The company “represents the kind of advanced manufacturing championed by the Obama administration, which seeks to double tax deductions they can take for creating jobs,” the website reports.

The administration is also suggesting $5 billion in temporary tax credits for companies such as Dr. Fujita's second firm, eQED, a maker of devices that convert electricity in solar panels from direct current to alternating current.

Dr. Fujita says the tax credits would help, “but the issue at hand quickly shifts from the jobs he's already created to the matter of keeping them,” according to CNNMoney.com. He notes companies such as his often fall prey to the short-term demands of investors, and that tax credits might not be enough.

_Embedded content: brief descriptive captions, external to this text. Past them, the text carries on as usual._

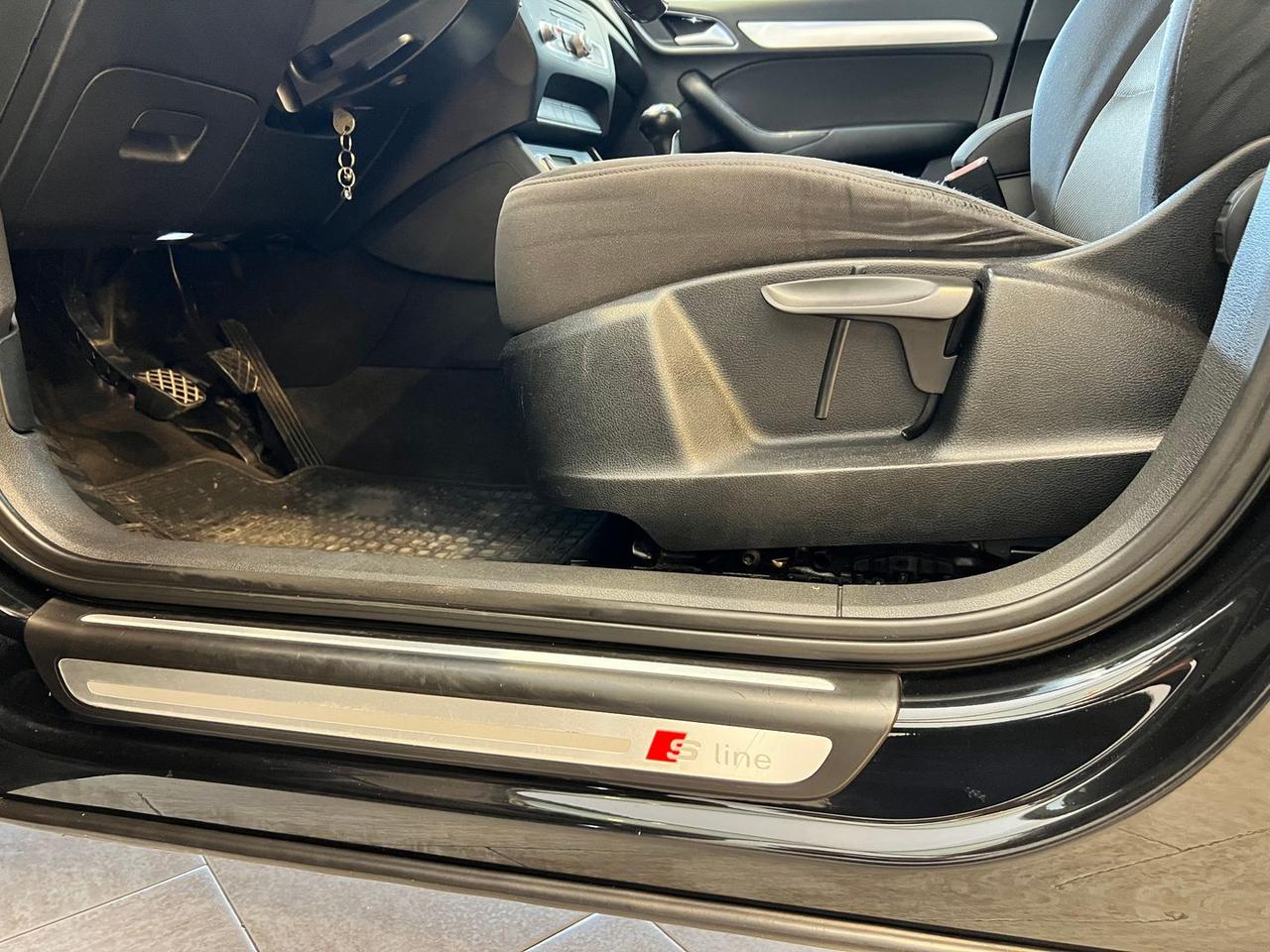 Audi Q3 2.0 TDI S-line #10553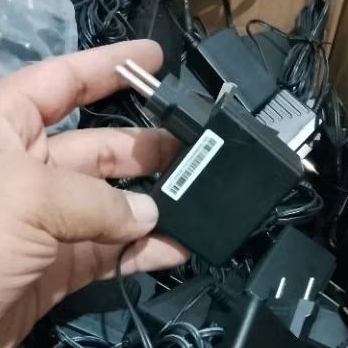 ADAPTOR 12V 1A bekas
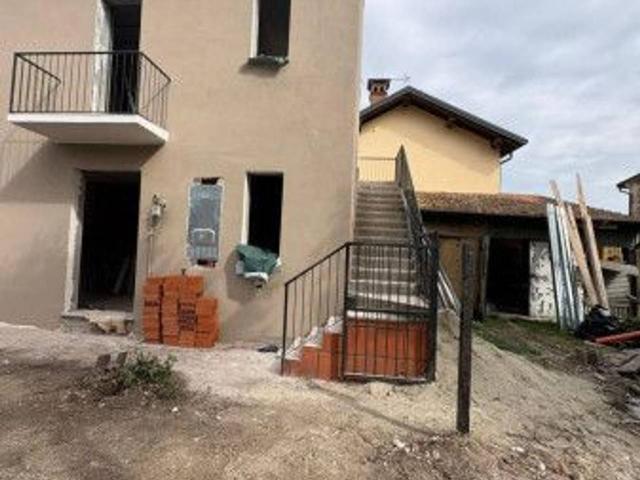 Appartamento in vendita a Casorate Primo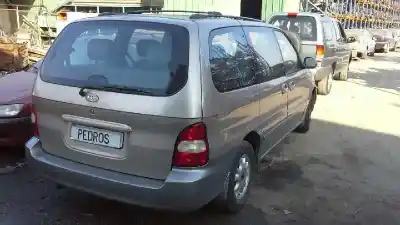 Veículo de Sucata KIA CARNIVAL TD LS do ano 2001 alimentado J3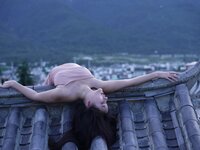[Cosplay] 就是阿朱啊 天台屋顶 性感酥乳窈窕身材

"Government can help by providing subsidies for the companies that can manufacture these clean energy electronics,” he says. “That way, we can take one step at a time and grow the business without worrying about return investment."

This and that

The mile high club: This week's Bloomberg Businessweek cover story is a comprehensive look at the United/Continental merger, which should be of interest to Clevelanders because of the importance of that airline at Hopkins Airport.

But you might be distracted from the story if the first thing you notice is the cover illustration of what is, essentially, two airplanes copulating above the words, “Let's get it on.”

The work of combining two huge airlines, not surprisingly, is highly detailed.

Continental employees and their new United colleagues have spent months “debating questions such as whether to board flights back to front, as most airlines do, or window, middle, then aisle, as legacy United did; whether miniature ponies will be allowed, as they were on Continental, to travel in the cabin as service animals (they will); whether Jet Skis are allowed as baggage (no); what information to print on the boarding pass; what direction dog crates should face when loaded into the cargo hold (backwards, as at legacy United, so spooked dogs don't recoil and tip the crate off the conveyor belt); (and) whether to require baggage handlers to wear steel-toed shoes (no official decision yet),” the magazine reports.

(And for what it's worth, that already very long paragraph actually went on for another half-dozen examples.

He was Tea Party before it was cool: A 1921 Cleveland Press interview with the writer G.K. Chesterton (“The Man Who Was Thursday” is a gem) offers “a perfect meditation for our election season,” according to this post from the conservative blog Powerline.

Via the Chesterton page on Facebook, Powerline pulls this comment from the interview more than 90 years ago that would sound entirely natural to a conservative of today:

“The men whom the people ought to choose to represent them are too busy to take the jobs. But the politician is waiting for it. He's the pestilence of modern times. What we should try to do is make politics as local as possible. Keep the politicians near enough to kick them. The villagers who met under the village tree could also hang their politicians to the tree. It's terrible to contemplate how few politicians are hung today.

That was unexpected: This is not the impression I get about the corporate tax environment when I listen to Mitt Romney (or most any other Republican) speak.

“U.S. companies are booking higher profits than ever. But the number crunchers in Washington are puzzling over a phenomenon that has just come into view: Corporate tax receipts as a share of profits are at their lowest level in at least 40 years,” The Wall Street Journal reports.

Total corporate federal taxes paid “fell to 12.1% of profits earned from activities within the U.S. in fiscal 2011, which ended Sept. 30, according to the Congressional Budget Office,” the newspaper notes. “That's the lowest level since at least 1972. And well below the 25.6% companies paid on average from 1987 to 2008.”

Hitting the sauce: Those of you who like it hot and spicy when it comes to your food will find a kindred spirit in Martin Schulz, director of international equities at PNC Capital Advisors in Cleveland.

He's quoted in this Bloomberg story about UK company Reckitt Benckiser Group plc, maker of Frank's RedHot Sauce. The sauce recently toppled longtime champ Tabasco, made by McIlhenny of Louisiana, for the title of best-selling hot sauce in America.

PNC Capital Advisors manages $35 billion, including Reckitt Benckiser shares.

Mr. Schulz is a true believer in Frank's RedHot Sauce.

“I have a bottle here at my desk,” he tells Bloomberg. “The hot sauce category has grown faster than other categories, and there's a lot of competition out there.”

Hoarders: There really is a collector for everything.

The Antiques column of The New York Times has a short profile of Cleveland author Marty Gitlin and his friend, Topher Ellis, who have written “The Great American Cereal Book: How Breakfast Got Its Crunch.”

The authors “did research at corporate archives and the homes of obsessed memorabilia collectors,” The Times says.

Mr. Gitlin toured rooms packed with thousands of vintage boxes, ads and giveaway trinkets. “I almost fainted when I walked into these places,” he tells The Times.

“Rarities in the field fetch hundreds of dollars apiece through specialty dealers and online auctions,” The Times notes. “Among the sought-after are 1970s boxes of Alpha-Bits with ‘Jackson 5 groovie buttons' and Cheerios with discount coupons for ‘Star Wars' tumblers.”